Task objective: Please set down, word for word, the line that contains "Necklace - Ruby and Emerald Cabochon" and every line after it to the end of the entries below, omitting the pictures.

..............................

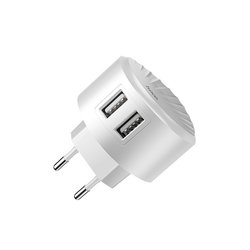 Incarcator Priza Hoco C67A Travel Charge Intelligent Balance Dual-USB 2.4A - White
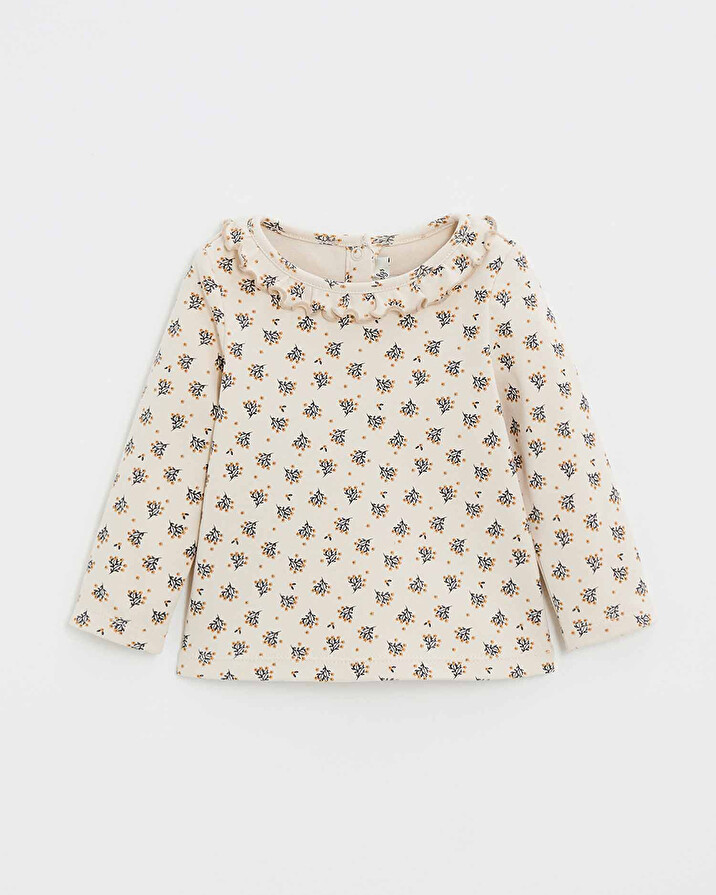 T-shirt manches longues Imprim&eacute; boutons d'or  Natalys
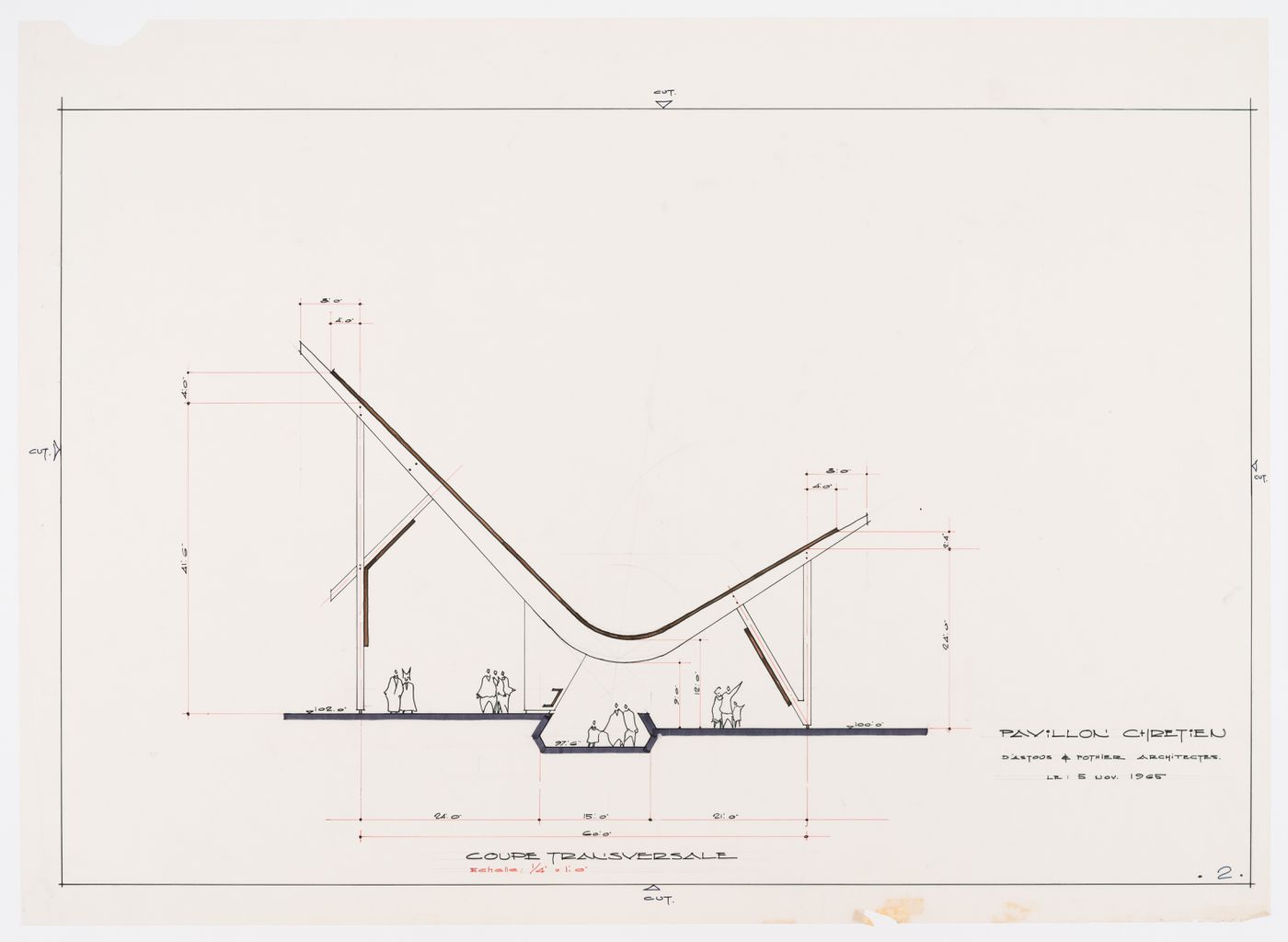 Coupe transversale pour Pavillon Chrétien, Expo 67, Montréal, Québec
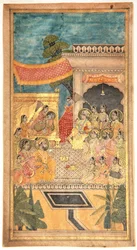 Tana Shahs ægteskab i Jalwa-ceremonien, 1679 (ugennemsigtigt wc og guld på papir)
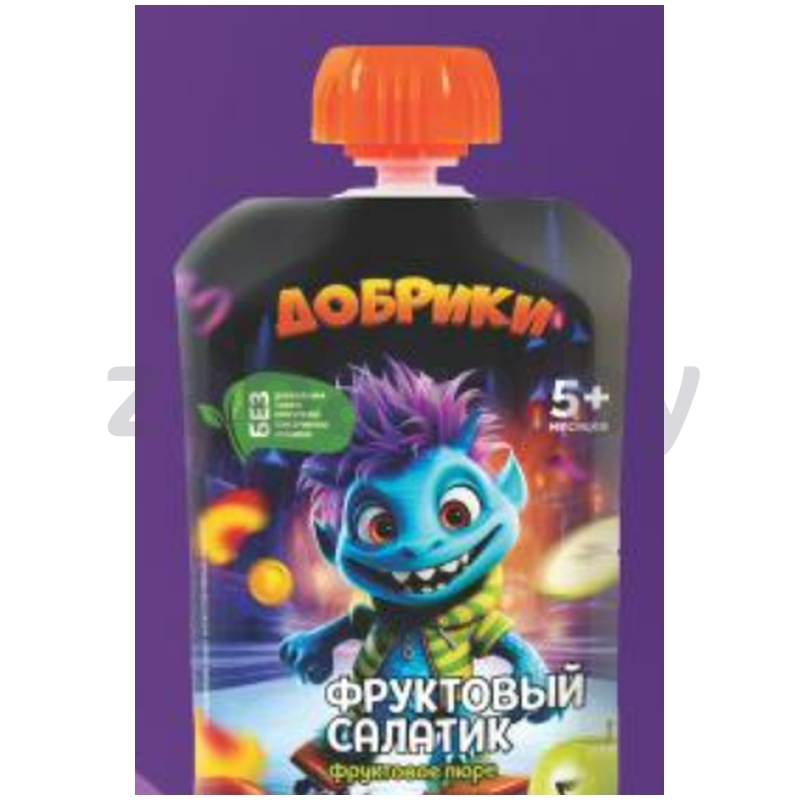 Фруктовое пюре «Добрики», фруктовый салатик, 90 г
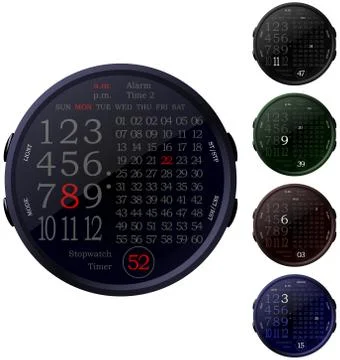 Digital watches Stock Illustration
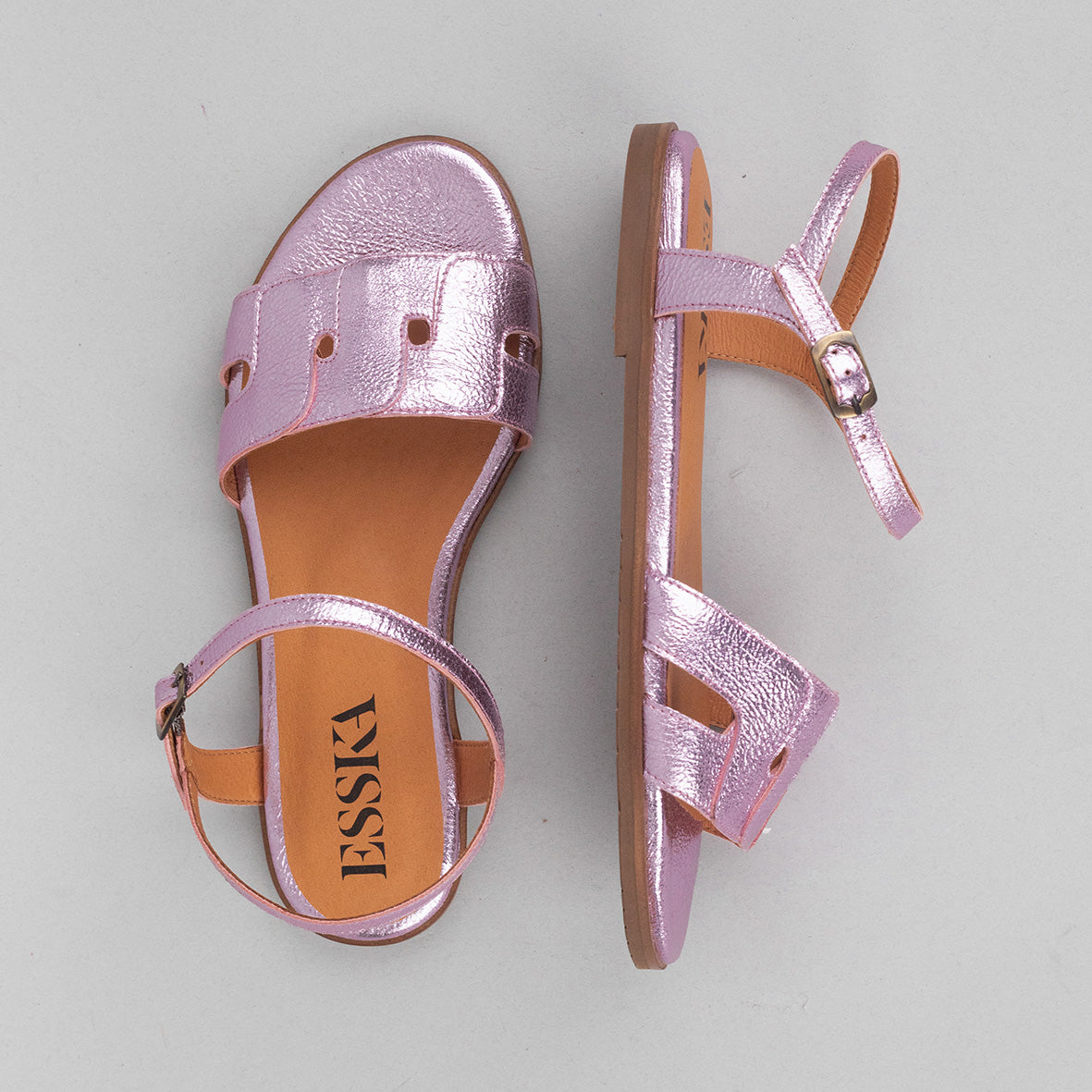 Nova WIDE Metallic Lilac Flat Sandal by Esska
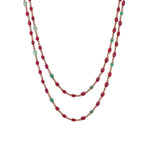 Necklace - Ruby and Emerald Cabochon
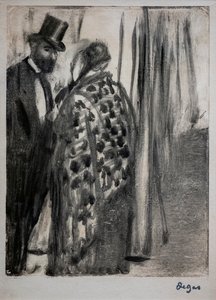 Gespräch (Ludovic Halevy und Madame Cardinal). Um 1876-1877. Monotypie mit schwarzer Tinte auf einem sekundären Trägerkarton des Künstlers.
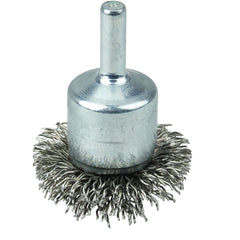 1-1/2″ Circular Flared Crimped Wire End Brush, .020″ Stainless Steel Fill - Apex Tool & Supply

..............................

Final answer:
 Necklace - Ruby and Emerald Cabochon
 Gespräch (Ludovic Halevy und Madame Cardinal). Um 1876-1877. Monotypie mit schwarzer Tinte auf einem sekundären Trägerkarton des Künstlers.
 1-1/2″ Circular Flared Crimped Wire End Brush, .020″ Stainless Steel Fill - Apex Tool & Supply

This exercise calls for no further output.